Florida pair repairs markers at Soldiers’ Rest
Published 12:00 am Thursday, July 5, 2001
William Blackwelder, using a shovel and stick, straightens a headstone to make a symmetrical row in the Soldiers’ Rest section of Cedar Hill Cemetery Wednesday. (The Vicksburg Post/MELANIE DUNCAN)
[07/05/01] William and Sharon Blackwelder of Bushnell, Fla., say every veteran deserves to have a well-maintained final resting place and that’s how they spent their Fourth of July holiday.
The Blackwelders have what some might consider a strange idea for how to spend their vacation, but after seeing the condition of many of the markers at Soldiers’ Rest in Cedar Hill Cemetery, the Florida couple made plans to spend two weeks in Vicksburg repairing, straightening and replacing headstones as needed.
“We think they deserve this and we’re going to do what we can,” William Blackwelder said as he surveyed the rows of headstones marking the site where nearly 700 Civil War soldiers are buried.
Until about 25 years ago, the graves of the men who fought for the South were not marked. Congress, however, was convinced by historical organizations to appropriate money for the markers under a federal law saying all veterans get a headstone.

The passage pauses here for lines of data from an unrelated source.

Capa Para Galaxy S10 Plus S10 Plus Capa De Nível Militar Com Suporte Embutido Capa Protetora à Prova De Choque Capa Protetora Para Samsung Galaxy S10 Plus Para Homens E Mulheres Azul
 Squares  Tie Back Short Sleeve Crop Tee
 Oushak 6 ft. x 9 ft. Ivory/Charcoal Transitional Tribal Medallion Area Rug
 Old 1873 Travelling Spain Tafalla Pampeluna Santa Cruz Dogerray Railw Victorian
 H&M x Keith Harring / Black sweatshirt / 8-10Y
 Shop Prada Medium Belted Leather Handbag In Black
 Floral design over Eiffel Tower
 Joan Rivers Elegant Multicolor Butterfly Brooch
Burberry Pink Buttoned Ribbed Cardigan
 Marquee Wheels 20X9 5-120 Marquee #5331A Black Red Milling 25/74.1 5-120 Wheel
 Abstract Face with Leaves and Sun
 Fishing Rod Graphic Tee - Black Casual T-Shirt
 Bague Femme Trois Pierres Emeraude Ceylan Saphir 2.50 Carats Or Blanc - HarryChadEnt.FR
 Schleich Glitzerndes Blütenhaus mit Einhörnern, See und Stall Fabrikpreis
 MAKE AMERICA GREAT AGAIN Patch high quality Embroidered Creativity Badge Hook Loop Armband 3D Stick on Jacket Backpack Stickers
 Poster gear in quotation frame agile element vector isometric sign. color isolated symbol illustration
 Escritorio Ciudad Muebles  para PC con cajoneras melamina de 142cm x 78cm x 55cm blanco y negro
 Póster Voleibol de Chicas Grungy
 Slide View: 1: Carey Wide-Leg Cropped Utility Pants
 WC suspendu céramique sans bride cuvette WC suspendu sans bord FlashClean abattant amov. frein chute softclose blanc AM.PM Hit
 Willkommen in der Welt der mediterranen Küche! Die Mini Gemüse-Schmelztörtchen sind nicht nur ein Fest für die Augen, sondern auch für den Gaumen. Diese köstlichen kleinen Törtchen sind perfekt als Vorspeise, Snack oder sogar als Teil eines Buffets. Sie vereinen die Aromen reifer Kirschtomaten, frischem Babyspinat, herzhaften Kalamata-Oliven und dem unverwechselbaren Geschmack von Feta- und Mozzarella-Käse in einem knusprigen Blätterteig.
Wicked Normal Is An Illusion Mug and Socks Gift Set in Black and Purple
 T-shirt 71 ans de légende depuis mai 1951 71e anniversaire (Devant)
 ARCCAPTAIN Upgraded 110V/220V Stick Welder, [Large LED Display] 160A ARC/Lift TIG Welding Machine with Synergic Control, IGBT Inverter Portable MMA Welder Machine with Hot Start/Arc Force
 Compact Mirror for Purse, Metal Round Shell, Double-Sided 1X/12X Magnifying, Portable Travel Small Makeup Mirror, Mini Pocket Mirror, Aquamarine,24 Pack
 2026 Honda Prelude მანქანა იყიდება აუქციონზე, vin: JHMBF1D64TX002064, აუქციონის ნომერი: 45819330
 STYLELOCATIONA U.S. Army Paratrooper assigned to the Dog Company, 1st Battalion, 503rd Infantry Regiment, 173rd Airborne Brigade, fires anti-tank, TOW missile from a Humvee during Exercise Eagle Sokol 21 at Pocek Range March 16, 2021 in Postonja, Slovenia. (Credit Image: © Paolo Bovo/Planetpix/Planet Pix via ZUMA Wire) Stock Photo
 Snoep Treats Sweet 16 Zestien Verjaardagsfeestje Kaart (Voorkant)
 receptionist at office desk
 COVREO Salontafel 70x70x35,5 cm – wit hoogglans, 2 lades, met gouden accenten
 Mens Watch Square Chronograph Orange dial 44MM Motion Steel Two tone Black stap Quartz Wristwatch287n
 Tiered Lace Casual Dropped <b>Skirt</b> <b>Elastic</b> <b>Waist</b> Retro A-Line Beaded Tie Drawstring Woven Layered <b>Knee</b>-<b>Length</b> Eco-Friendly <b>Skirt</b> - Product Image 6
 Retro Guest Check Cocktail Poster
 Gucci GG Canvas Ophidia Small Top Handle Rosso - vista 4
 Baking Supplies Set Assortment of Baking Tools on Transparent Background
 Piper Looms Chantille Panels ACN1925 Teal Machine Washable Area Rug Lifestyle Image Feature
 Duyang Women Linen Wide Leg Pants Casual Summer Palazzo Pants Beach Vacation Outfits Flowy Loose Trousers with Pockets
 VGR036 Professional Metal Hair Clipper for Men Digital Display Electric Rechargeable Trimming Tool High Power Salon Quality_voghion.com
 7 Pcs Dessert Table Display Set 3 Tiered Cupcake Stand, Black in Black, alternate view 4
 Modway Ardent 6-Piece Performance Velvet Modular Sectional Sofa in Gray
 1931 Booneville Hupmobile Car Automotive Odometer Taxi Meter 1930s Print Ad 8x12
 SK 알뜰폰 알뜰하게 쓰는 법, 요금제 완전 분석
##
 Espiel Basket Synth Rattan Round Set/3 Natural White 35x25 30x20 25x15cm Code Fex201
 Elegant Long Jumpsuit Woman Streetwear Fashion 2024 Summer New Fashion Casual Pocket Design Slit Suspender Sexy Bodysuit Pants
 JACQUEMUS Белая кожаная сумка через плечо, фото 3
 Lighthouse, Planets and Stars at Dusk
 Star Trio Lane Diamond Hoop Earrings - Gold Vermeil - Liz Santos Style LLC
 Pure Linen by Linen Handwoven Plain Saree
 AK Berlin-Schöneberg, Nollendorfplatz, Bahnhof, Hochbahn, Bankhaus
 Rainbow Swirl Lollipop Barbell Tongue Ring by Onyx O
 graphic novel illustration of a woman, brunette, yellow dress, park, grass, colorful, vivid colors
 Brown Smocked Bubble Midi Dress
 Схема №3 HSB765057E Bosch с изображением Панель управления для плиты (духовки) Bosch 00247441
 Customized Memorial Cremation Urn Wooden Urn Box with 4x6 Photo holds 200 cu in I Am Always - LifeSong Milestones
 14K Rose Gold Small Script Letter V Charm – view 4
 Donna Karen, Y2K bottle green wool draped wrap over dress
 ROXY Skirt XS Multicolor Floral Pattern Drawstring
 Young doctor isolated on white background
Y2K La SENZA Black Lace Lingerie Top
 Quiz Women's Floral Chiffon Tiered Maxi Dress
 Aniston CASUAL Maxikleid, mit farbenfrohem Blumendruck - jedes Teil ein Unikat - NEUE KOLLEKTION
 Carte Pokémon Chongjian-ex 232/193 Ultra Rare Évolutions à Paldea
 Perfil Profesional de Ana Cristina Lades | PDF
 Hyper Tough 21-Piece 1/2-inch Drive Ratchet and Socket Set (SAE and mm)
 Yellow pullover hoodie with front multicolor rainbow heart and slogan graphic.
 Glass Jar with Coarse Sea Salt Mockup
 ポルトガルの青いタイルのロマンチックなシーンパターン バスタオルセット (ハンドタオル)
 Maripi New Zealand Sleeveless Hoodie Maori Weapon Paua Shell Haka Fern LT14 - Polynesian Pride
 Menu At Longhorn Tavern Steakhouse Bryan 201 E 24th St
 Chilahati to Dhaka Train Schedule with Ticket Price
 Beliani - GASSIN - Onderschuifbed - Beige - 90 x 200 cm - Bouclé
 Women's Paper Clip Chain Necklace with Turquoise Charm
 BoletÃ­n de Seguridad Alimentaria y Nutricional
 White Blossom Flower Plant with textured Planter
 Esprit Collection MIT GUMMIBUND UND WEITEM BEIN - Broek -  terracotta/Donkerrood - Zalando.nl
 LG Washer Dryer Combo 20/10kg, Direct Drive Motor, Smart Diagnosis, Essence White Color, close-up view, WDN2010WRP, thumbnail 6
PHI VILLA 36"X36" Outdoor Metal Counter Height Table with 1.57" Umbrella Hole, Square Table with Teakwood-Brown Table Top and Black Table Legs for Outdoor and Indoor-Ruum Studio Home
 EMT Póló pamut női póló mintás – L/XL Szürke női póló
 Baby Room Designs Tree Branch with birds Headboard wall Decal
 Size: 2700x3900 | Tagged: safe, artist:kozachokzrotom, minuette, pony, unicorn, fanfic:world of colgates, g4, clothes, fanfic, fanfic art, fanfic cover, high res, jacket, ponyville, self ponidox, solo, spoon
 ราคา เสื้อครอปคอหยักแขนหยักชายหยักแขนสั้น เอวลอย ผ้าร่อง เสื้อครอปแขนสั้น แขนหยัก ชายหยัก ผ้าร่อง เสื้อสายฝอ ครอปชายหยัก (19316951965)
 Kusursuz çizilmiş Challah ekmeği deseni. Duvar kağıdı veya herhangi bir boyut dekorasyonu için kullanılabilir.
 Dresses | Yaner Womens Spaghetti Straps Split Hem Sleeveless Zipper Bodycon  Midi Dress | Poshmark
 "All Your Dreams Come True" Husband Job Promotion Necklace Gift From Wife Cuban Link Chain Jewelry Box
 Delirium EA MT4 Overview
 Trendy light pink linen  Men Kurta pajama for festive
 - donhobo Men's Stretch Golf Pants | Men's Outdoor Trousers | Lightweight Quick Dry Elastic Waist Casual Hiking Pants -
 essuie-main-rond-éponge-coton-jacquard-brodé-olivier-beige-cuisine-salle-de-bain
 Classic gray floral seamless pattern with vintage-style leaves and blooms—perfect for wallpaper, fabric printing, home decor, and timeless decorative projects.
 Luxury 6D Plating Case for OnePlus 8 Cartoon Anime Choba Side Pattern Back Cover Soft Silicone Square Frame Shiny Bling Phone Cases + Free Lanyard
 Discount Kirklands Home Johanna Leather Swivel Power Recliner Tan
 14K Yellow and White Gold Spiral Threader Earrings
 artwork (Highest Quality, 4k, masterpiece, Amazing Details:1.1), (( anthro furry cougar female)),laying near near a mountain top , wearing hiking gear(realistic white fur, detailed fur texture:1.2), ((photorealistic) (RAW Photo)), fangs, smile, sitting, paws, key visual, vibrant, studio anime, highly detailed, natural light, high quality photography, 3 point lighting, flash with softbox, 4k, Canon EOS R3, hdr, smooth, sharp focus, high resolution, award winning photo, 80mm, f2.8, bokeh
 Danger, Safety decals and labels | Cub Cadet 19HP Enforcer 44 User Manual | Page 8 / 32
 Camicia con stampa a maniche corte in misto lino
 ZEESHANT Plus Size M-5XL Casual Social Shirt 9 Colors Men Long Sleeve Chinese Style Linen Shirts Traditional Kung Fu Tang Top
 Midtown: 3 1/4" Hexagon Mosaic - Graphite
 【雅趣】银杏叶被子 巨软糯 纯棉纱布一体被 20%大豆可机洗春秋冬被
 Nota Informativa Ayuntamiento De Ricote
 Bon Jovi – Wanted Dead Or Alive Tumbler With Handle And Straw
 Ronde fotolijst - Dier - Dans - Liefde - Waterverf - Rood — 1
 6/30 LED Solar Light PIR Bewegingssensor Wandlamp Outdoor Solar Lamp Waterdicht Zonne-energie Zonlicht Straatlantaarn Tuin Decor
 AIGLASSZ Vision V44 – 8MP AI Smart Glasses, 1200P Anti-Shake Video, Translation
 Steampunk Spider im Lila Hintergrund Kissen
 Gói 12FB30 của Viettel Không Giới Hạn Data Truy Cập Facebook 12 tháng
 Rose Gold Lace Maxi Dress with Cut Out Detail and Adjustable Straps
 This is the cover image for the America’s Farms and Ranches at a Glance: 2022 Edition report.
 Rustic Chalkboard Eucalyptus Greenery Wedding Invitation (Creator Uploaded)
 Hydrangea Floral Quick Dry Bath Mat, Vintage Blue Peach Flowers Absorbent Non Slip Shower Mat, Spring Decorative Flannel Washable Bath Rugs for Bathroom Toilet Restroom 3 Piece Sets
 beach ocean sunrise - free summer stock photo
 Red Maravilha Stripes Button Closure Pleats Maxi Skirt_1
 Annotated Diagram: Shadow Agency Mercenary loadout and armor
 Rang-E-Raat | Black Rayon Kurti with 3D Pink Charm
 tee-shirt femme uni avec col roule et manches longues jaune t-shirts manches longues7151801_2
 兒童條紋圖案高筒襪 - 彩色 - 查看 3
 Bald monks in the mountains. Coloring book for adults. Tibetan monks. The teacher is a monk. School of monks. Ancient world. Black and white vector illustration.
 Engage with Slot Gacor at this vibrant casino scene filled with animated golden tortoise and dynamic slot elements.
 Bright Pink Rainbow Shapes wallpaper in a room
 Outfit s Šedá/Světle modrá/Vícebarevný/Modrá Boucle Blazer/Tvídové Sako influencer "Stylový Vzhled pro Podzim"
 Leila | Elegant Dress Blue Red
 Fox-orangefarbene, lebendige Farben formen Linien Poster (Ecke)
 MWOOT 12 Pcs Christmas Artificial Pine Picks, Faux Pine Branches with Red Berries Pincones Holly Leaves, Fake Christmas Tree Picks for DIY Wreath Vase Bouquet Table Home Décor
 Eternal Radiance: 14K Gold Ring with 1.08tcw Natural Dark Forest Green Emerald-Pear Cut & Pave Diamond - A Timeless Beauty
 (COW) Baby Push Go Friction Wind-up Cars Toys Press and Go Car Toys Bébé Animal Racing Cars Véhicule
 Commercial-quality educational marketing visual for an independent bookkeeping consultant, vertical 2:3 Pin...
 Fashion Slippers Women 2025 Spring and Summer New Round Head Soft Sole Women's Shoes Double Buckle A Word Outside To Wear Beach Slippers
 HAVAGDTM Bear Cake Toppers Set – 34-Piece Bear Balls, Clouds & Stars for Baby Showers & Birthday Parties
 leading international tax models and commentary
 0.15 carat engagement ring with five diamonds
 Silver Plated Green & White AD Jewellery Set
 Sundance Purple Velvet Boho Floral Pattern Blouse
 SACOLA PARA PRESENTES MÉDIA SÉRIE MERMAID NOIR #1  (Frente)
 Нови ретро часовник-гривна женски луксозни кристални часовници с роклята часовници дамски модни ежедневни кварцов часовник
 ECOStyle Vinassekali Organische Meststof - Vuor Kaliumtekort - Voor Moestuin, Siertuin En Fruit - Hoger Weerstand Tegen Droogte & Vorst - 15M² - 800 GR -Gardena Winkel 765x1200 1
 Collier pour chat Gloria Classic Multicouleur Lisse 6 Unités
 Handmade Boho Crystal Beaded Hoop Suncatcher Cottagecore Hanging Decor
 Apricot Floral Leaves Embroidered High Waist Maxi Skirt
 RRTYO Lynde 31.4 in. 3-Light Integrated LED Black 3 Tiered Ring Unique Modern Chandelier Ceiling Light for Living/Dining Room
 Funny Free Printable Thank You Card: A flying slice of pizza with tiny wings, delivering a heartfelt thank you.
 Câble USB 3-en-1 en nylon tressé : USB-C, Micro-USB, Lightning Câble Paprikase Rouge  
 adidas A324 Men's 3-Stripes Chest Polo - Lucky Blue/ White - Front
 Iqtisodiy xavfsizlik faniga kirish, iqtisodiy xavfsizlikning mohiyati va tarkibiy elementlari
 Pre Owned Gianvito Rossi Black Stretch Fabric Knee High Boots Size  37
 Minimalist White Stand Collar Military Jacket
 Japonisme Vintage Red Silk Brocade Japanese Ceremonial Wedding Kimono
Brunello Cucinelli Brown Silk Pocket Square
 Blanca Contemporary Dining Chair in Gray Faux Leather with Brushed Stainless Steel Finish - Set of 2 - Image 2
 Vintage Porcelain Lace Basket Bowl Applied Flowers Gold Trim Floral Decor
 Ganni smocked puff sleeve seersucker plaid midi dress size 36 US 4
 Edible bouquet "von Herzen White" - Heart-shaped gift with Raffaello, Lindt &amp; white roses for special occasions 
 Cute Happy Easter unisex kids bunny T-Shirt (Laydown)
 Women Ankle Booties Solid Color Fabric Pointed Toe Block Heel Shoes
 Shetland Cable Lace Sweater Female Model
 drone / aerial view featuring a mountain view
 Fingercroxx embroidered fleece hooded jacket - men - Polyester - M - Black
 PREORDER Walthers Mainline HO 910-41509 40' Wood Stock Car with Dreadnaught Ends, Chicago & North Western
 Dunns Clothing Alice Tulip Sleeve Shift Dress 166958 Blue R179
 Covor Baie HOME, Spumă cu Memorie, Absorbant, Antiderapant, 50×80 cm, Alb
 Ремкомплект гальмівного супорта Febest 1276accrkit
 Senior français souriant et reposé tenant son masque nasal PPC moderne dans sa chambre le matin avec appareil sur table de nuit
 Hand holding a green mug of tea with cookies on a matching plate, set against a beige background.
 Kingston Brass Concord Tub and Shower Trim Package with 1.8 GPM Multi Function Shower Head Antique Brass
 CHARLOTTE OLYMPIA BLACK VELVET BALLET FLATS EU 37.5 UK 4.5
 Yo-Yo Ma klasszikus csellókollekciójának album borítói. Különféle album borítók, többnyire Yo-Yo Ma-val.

So, using shovels of different shapes and sizes and generating a lot of sweat, the Blackwelders spent last week and most of this week lining up hundreds of the stones that had settled over the years. Using another device of his own design, William Blackwelder jacked up markers that had sunk, some leaving only a few inches above the ground, and filled in with dirt underneath.
“These men fought for what they believed, right or wrong,” William Blackwelder said. “And they deserve to have a monument standing in their memory, upright and clean.”
The nearly 17,000 graves, most of them Union dead, in the Vicksburg National Military Cemetery a few miles from Cedar Hill are maintained by employees at the federal park. In city-owned Cedar Hill, grass is cut by contract employees, but tombstone maintenance is up to families, friends or fraternal organizations or vacationers from Florida.
Some of the markers were chipped along the top edges. Others had been broken into two pieces and glued back together. The Blackwelders replaced 42 broken markers with new ones provided by the Department of Memorial Affairs, a division of the Department of Veteran Affairs.
William Blackwelder, who works for the Florida National Cemetery, a division of the Department of Veteran Affairs, approached city officials about undertaking the task after visiting the cemetery last year.
“It just tore our hearts out,” William Blackwelder said.
The Blackwelders provided the labor, tools and supplies to work on the graves of not just Confederate veterans, but others up through the war in Vietnam. No tax dollars were spent beyond the cost of the replacement markers.
Still, Sharon Blackwelder said they will take home something important. “They fought for me and they didn’t even know me,” she said. “They gave me their best; why not give them mine?”
William Blackwelder said they have two similar projects planned when they return to Florida. One question he said they encountered most often was why start in Vicksburg.
“We had to start somewhere,” was his response.